Records from a collection
|---|

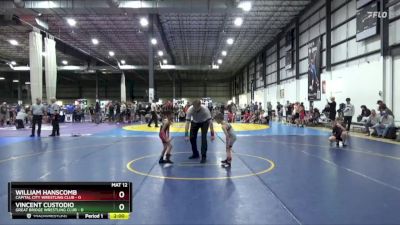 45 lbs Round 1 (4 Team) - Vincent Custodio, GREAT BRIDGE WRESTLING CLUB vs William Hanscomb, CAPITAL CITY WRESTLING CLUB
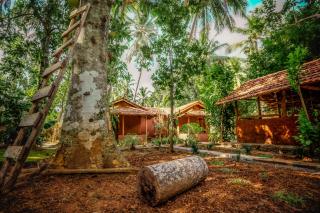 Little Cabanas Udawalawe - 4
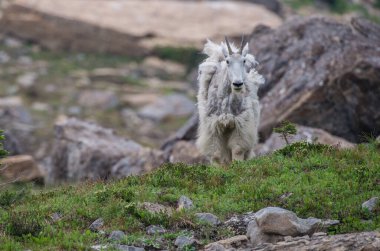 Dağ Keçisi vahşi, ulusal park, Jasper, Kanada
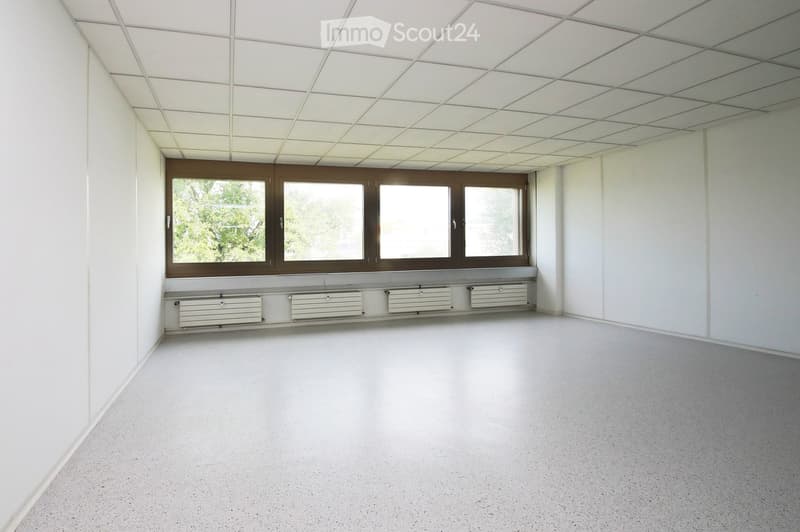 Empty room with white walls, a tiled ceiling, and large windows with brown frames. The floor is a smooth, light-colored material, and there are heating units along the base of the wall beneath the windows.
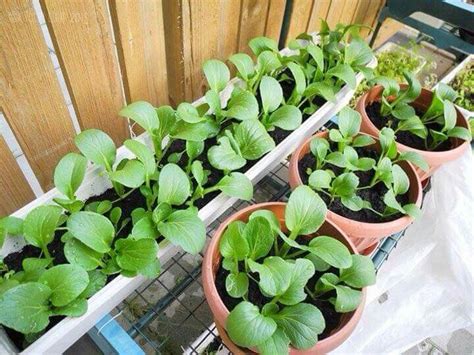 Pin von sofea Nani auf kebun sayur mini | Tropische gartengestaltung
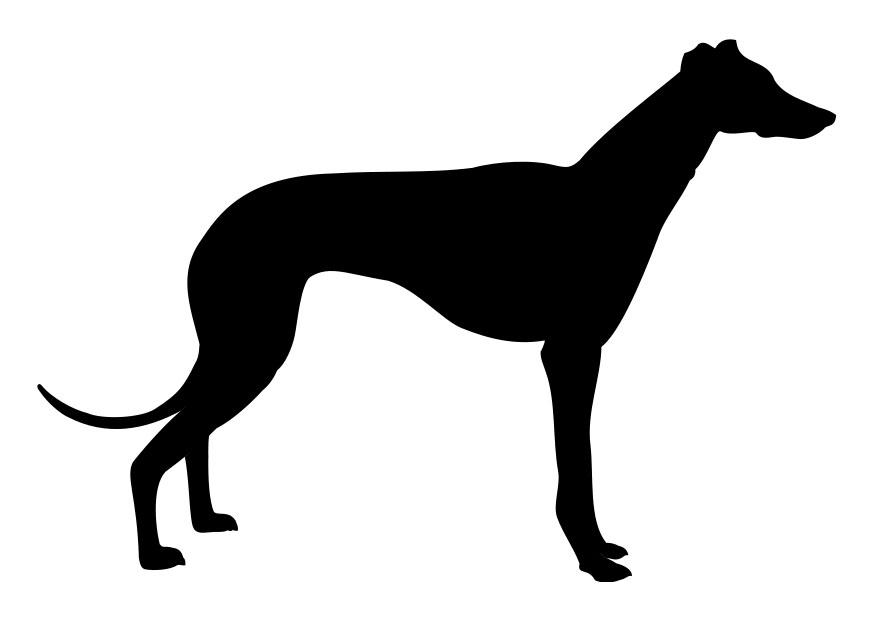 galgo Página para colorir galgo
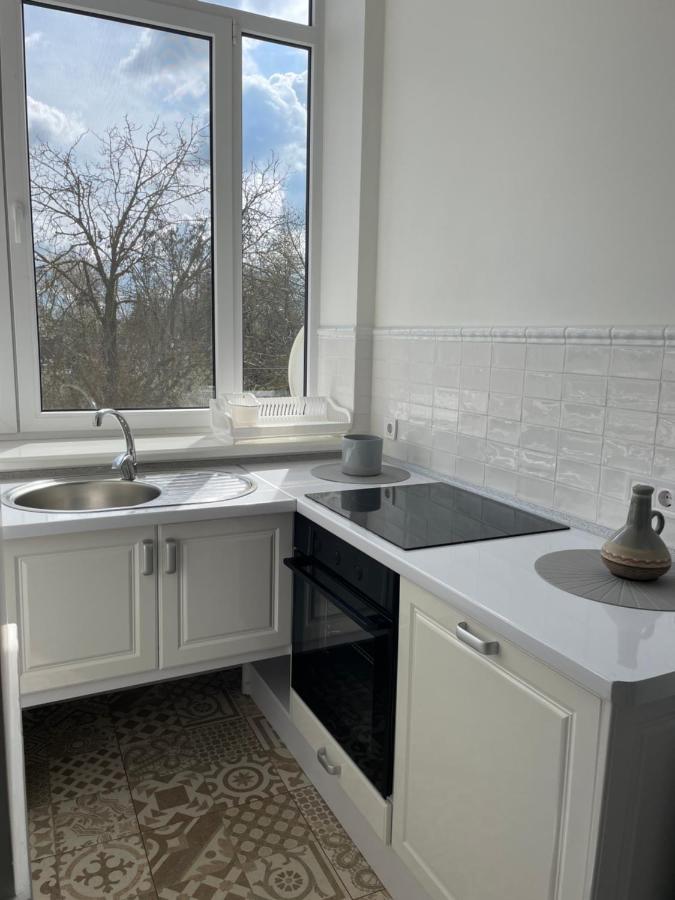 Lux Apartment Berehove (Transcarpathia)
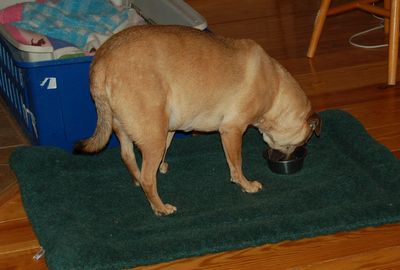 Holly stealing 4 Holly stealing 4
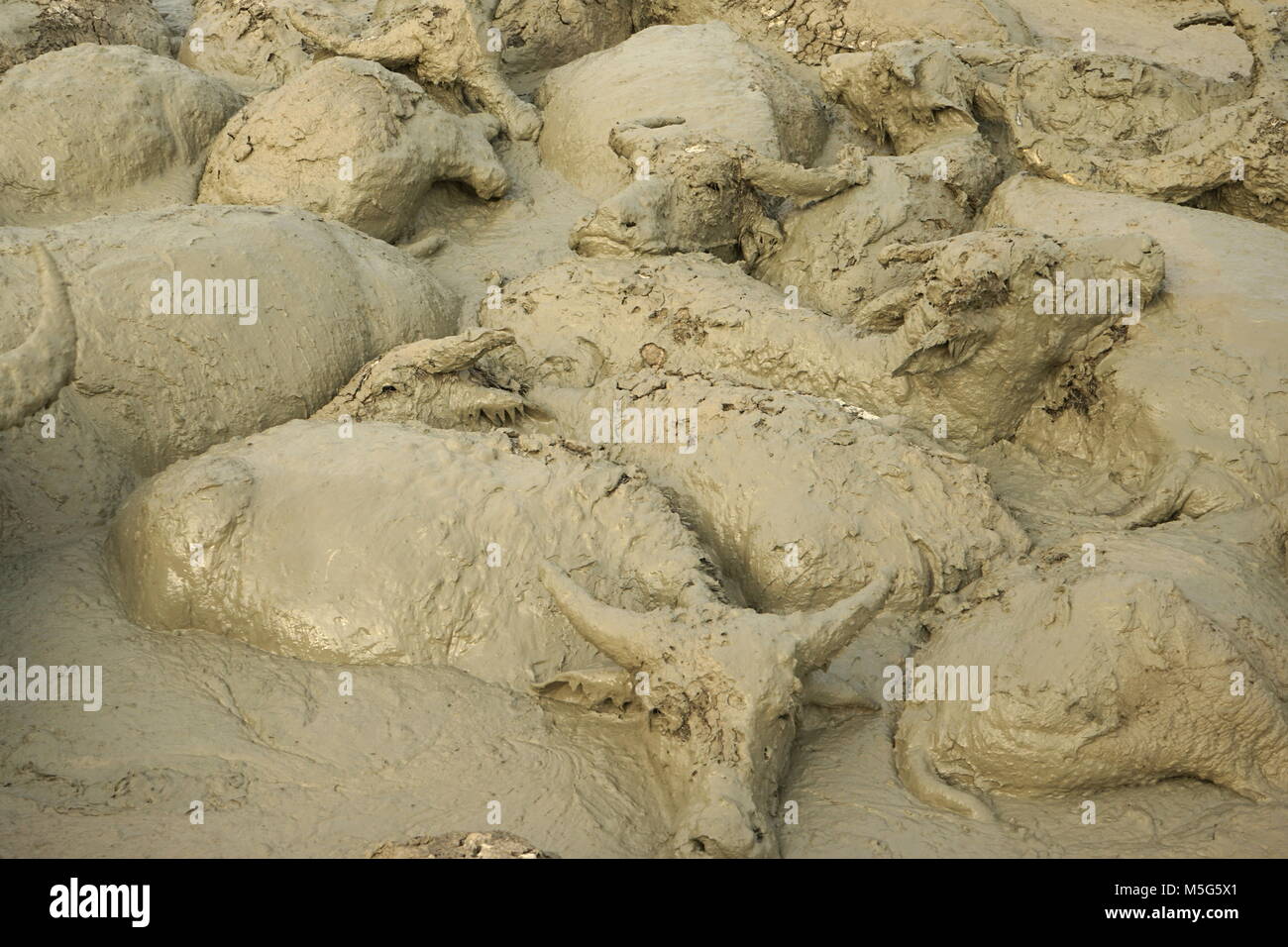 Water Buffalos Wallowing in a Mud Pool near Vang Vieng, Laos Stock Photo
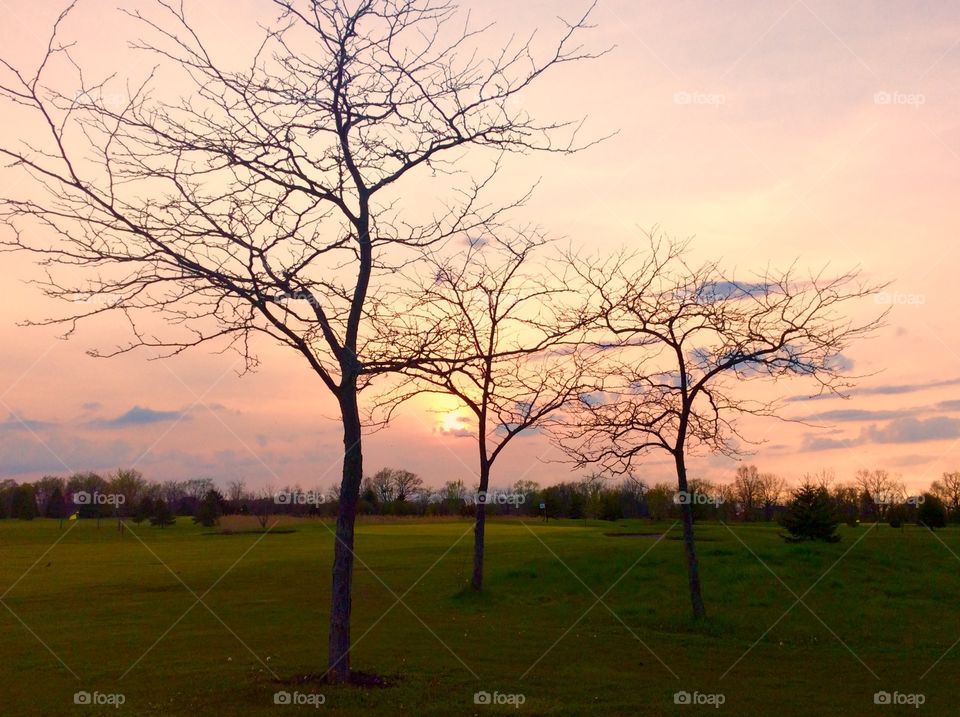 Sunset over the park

|---|

Print nothing except the lines above from the one containing "Dağ Keçisi vahşi, ulusal" down to the one containing "Empty room with", both included, exactly as written and free of pictures.

Written solution ::
 Dağ Keçisi vahşi, ulusal park, Jasper, Kanada
 Empty room with white walls, a tiled ceiling, and large windows with brown frames. The floor is a smooth, light-colored material, and there are heating units along the base of the wall beneath the windows.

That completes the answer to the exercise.